Instructions for the task:
Leave out the pictures and copy the remaining records exactly.

Records to process:

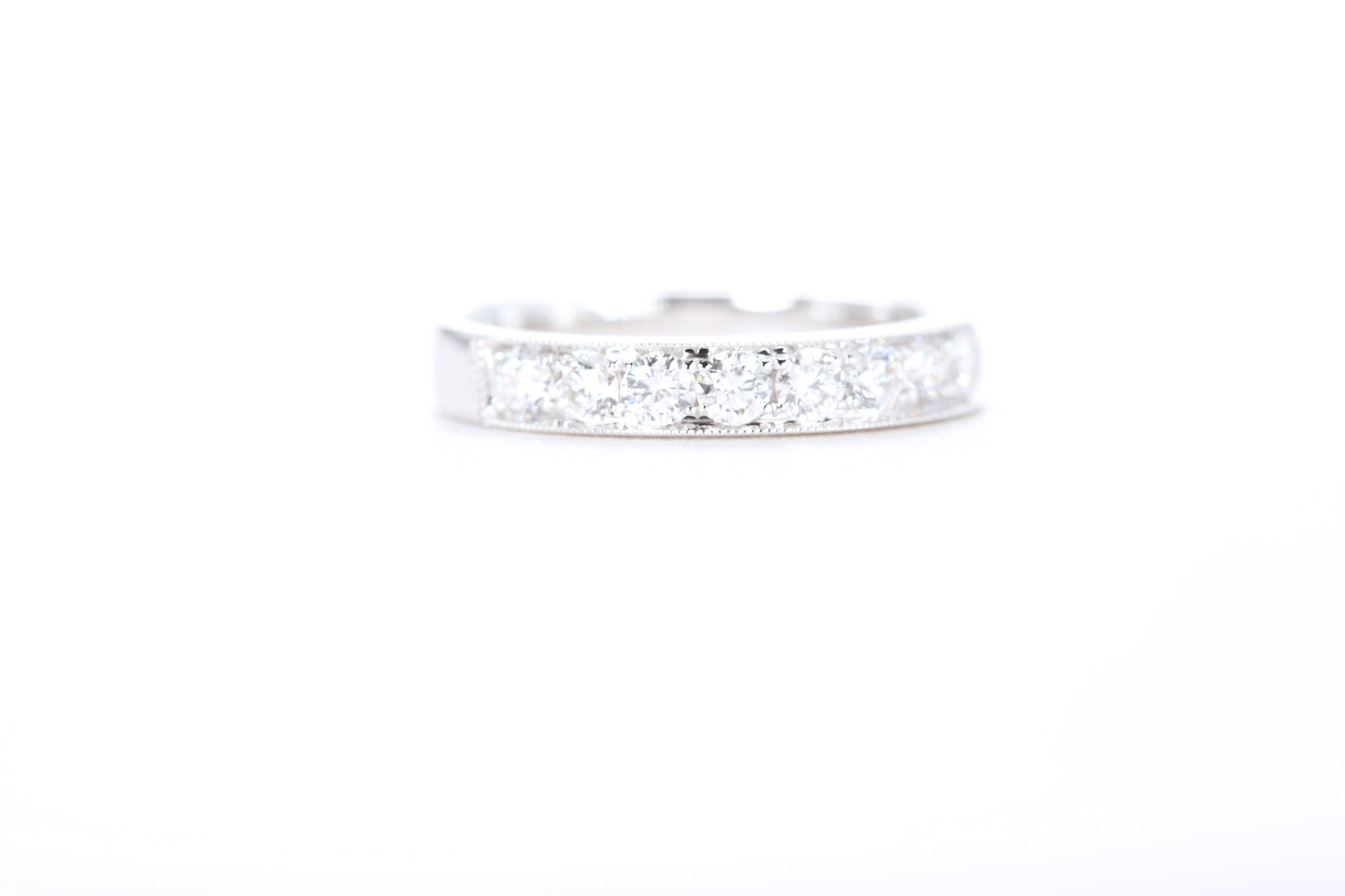 Milgrain Diamond Ring 3/4 Carat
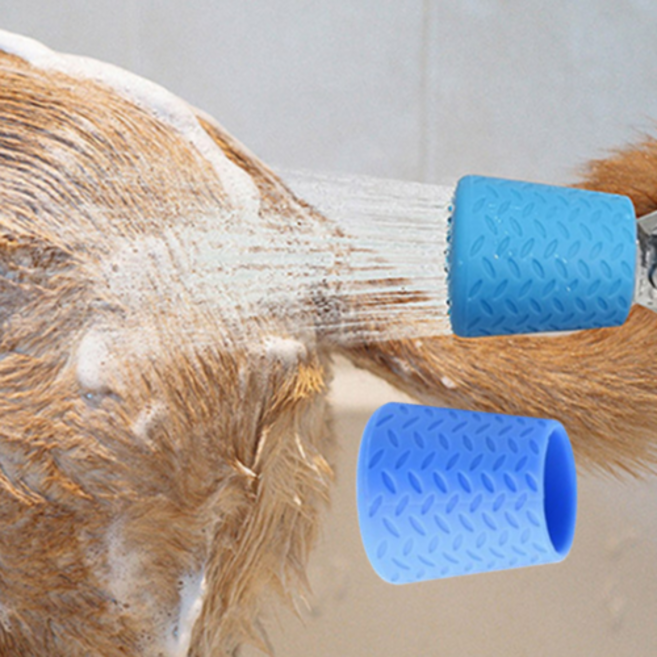 휴대용 페트병 샤워헤드 샤워기 캠핑 여행 샤워기 2p세트, 2개, 블루 2개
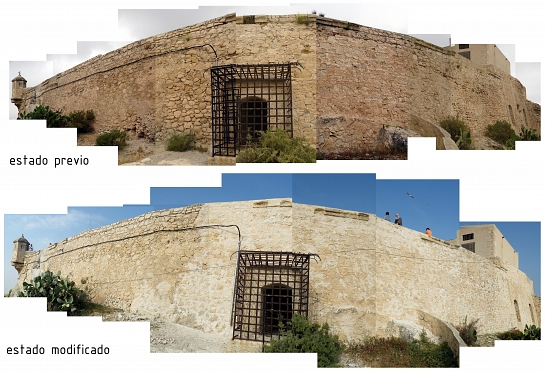 Rehabilitación y Geo-restauracion del Castillo de Santa Bárbara . Alicante . Alacant . España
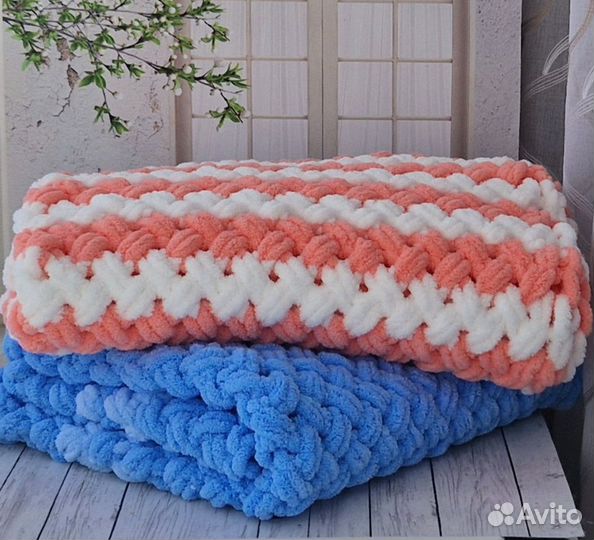 Плед детский плюшевый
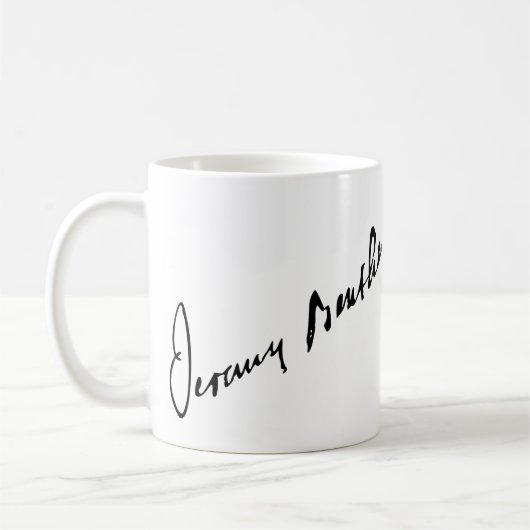 Jeremy Bentham signture Coffee Mok (Links)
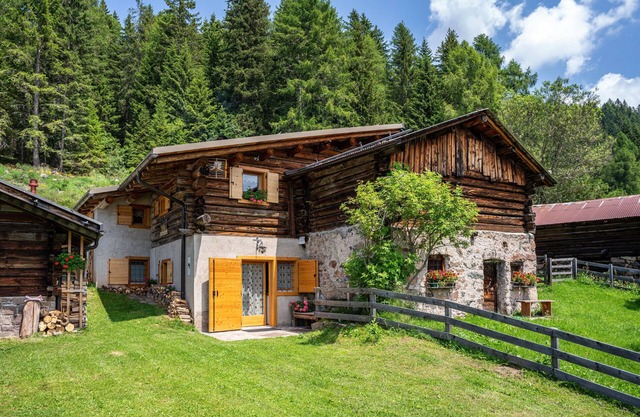 Chalet 'Baita Naibiz' with Mountain View, Private Terrace and Wi-Fi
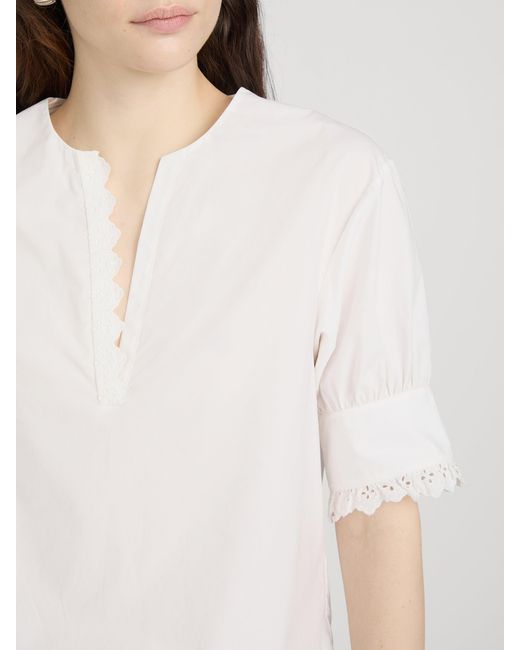 FRAME White The Keepsake Popover Top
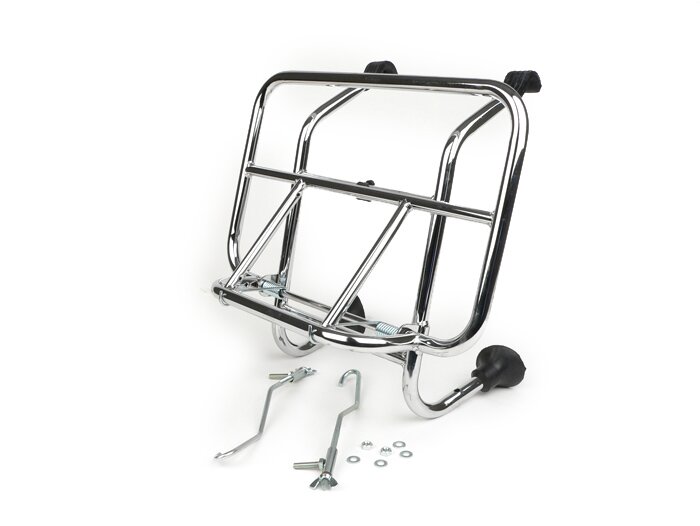Priekinis stovas, nulenkiamas -MOTO NOSTRA- Vespa Smallframe V50, PV125, ET3, PK S, PK XL, PK XL2 Largeframe Rally180/200, Sprint150, TS125, GT125, GTR125, PX80, PX150,PX20125,X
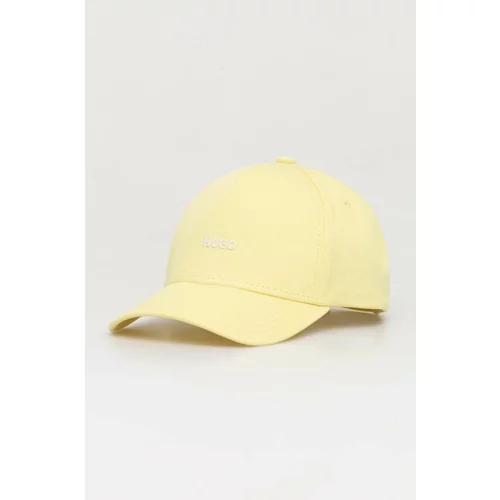 Hugo Bombažna bejzbolska kapa rumena barva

Exercise solution:
 Milgrain Diamond Ring 3/4 Carat
 휴대용 페트병 샤워헤드 샤워기 캠핑 여행 샤워기 2p세트, 2개, 블루 2개
 Rehabilitación y Geo-restauracion del Castillo de Santa Bárbara . Alicante . Alacant . España
 Плед детский плюшевый
 Jeremy Bentham signture Coffee Mok (Links)
 Chalet 'Baita Naibiz' with Mountain View, Private Terrace and Wi-Fi
 FRAME White The Keepsake Popover Top
Priekinis stovas, nulenkiamas -MOTO NOSTRA- Vespa Smallframe V50, PV125, ET3, PK S, PK XL, PK XL2 Largeframe Rally180/200, Sprint150, TS125, GT125, GTR125, PX80, PX150,PX20125,X
 Hugo Bombažna bejzbolska kapa rumena barva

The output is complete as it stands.